The Perth-based company, which employs about 11,000 people, also said it had started a formal process to sell a 25% stake in its electricity transmission business.

In a trading update for the three months to 30 June 2022, SSE confirmed that shareholders would receive earnings for the full year of at least 120p per share.

This is almost 26% ahead of the last financial year, when shareholders earned 95.4p for every share.

SSE finance director Gregor Alexander said the company was continuing to make “excellent progress” on building renewable energy infrastructure to help the UK become carbon neutral and self-reliant in energy.

This ‘Net Zero Acceleration Programme’ involves SSE “investing at pace in the vital electricity infrastructure that will help build a more secure, affordable and sustainable energy system,” Mr Alexander said.

SSE’s plan involves investing a potential £25 billion across the UK and Ireland over the coming decade – including £15bn in Scotland – and delivering “more offshore wind than anyone on the planet.”

This financial year, SSE said in its trading statement it would be investing more than £2.5bn.

By 2031, the company hopes to increase the amount of renewable energy it produces by five times, which would be enough to power 20 million homes a year.

Projects already underway include Dogger Bank off the coast of Yorkshire, which SSE says will be the world’s largest offshore wind farm. Another project, Seagreen off the coast of Angus, will be “Scotland’s largest and the world’s deepest tethered offshore wind farm,” SSE says.

On the Shetland Islands, SSE is also building what it says will be “one of Europe’s most productive onshore wind farms,” called Viking.

In its trading update, SSE said progress across various capital expenditure projects like these “continues at pace.”

First power from Seagreen offshore wind farm was expected by the end of this month, SSE said.

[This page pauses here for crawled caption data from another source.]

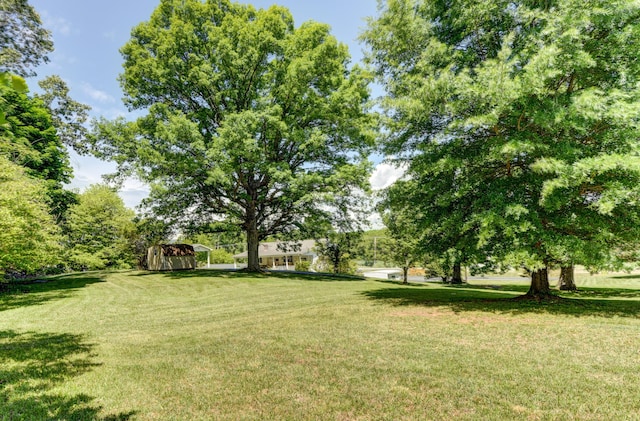 2770 W Lynchburg Salem Tpke, Bedford, VA 24523 - view of grassy yard featuring an outbuilding and a carport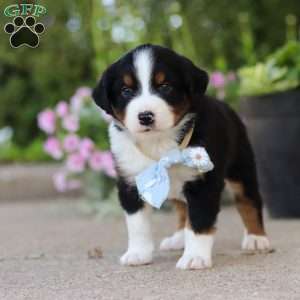 Frankie, Miniature Australian Shepherd Puppy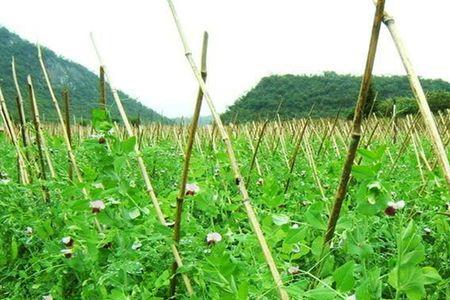水果豌豆种植时间和方法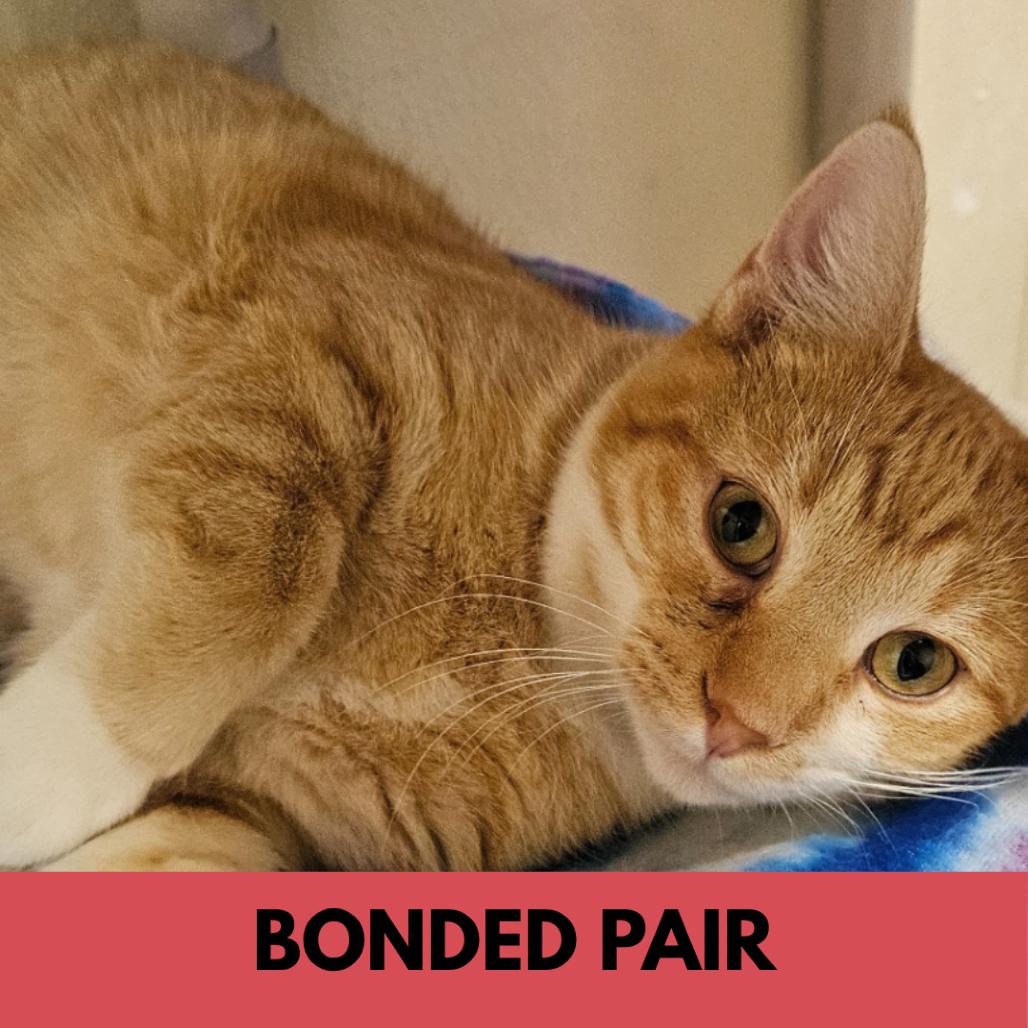 Petee, a Adoptable Domestic Short Hair in Lakewood, CO image 3/6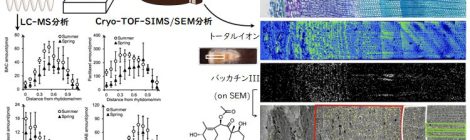 イチイ中のタキサン類の分布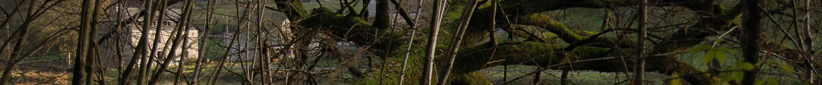 Bannière Vente de bois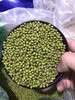 黑土地上的绿豆！【东北农家绿豆】当季绿豆 粗加工保留胚芽 无添加无色素 出沙快 绿豆芽发芽率高 消暑降火 夏季消暑的不二之选~ 商品缩略图3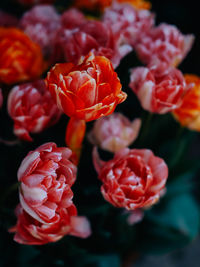 Close-up of pink rose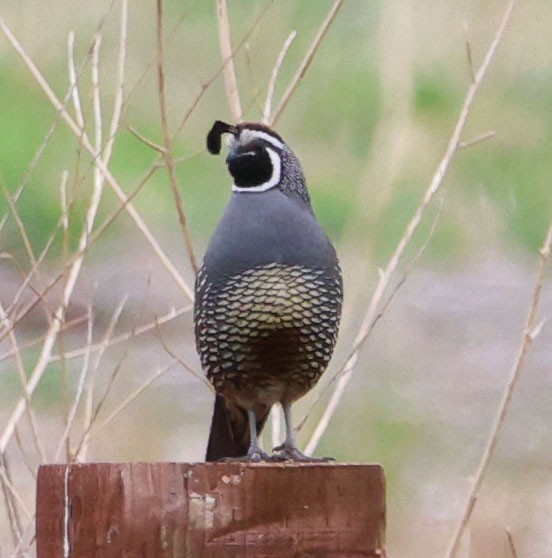 California Quail - Diane Etchison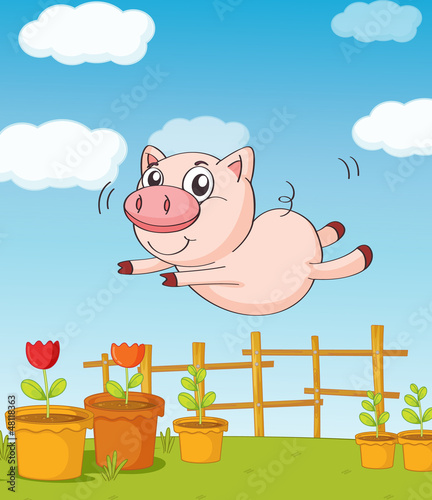 A pig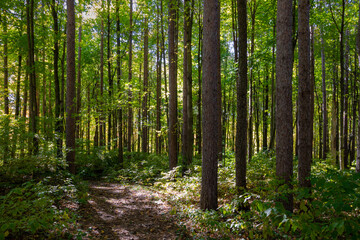 Dreamy green deciduous forest, dappled light on trail 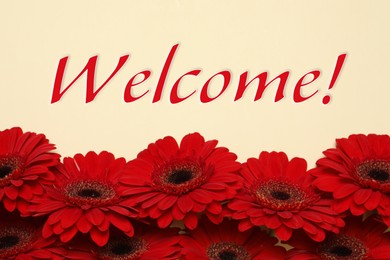 Welcome card. Beautiful red gerbera flowers and word on beige background, top view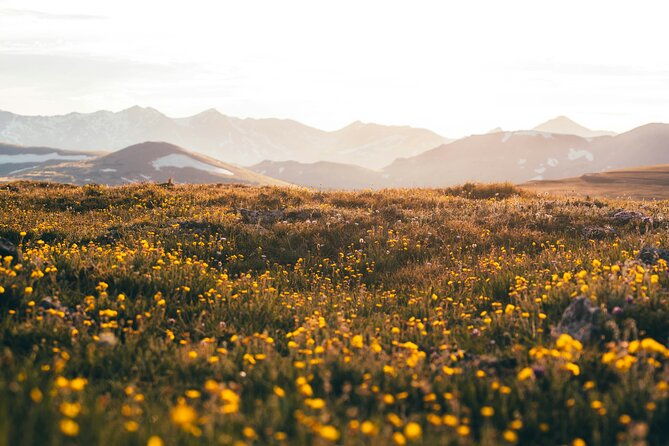 rocky-mountain-full-day-private-tour-hike-from-denver-boulder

Construction on the Viking onshore wind farm and the three phases of Dogger Bank – which will each have up to 200 turbines – were also progressing well.

SSE said in its trading statement that electricity output from renewable sources across the UK and Ireland where it had an ownership interest was 93-gigawatt hours, or around 5%, ahead of plan in the quarter to 30 June 2022, mainly due to weather conditions.

Electricity output from SSE’s gas-fired power stations for the quarter was also “overall slightly ahead” of the same period last year, the company said. This reflected “market conditions and individual plant availability.”

SSE’s transmission business, SSEN Transmission, operates the network of sub-sea cables, overhead-lines, wooden poles and steel towers in the north of Scotland that carries electricity to communities across the UK.

The company began a process in May to sell a minority 25% minority stake in this business.

Progress was continuing with this and the formal process now underway, SSE said.

The plan is to agree a sale by the end of the calendar year, once this is approved by regulators.

Energy industry analyst Stuart Lamont, an investment manager at wealth management firm Brewin Dolphin, said: “SSE was expected to deliver a robust update against the backdrop of high power prices and the company appears to have delivered.”

Mr Alexander said SSE remained “confident in our financial outlook for strong earnings growth this year.”